● **Assignment**
Look through the lines below and extract each one that contains "with".

● **Extracted entries**
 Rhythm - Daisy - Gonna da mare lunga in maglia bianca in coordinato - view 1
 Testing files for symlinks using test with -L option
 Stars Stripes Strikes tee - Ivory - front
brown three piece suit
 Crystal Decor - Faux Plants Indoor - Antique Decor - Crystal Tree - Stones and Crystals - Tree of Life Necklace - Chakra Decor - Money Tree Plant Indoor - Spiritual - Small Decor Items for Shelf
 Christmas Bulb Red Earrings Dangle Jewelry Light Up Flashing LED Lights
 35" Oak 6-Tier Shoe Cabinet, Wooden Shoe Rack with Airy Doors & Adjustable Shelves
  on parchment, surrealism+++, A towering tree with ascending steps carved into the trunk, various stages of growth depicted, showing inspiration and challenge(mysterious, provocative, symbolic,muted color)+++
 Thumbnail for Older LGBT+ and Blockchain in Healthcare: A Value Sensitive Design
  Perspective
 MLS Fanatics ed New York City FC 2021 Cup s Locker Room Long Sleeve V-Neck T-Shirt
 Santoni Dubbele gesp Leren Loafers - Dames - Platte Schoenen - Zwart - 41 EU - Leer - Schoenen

● **Solved problem**
 Testing files for symlinks using test with -L option
 35" Oak 6-Tier Shoe Cabinet, Wooden Shoe Rack with Airy Doors & Adjustable Shelves
  on parchment, surrealism+++, A towering tree with ascending steps carved into the trunk, various stages of growth depicted, showing inspiration and challenge(mysterious, provocative, symbolic,muted color)+++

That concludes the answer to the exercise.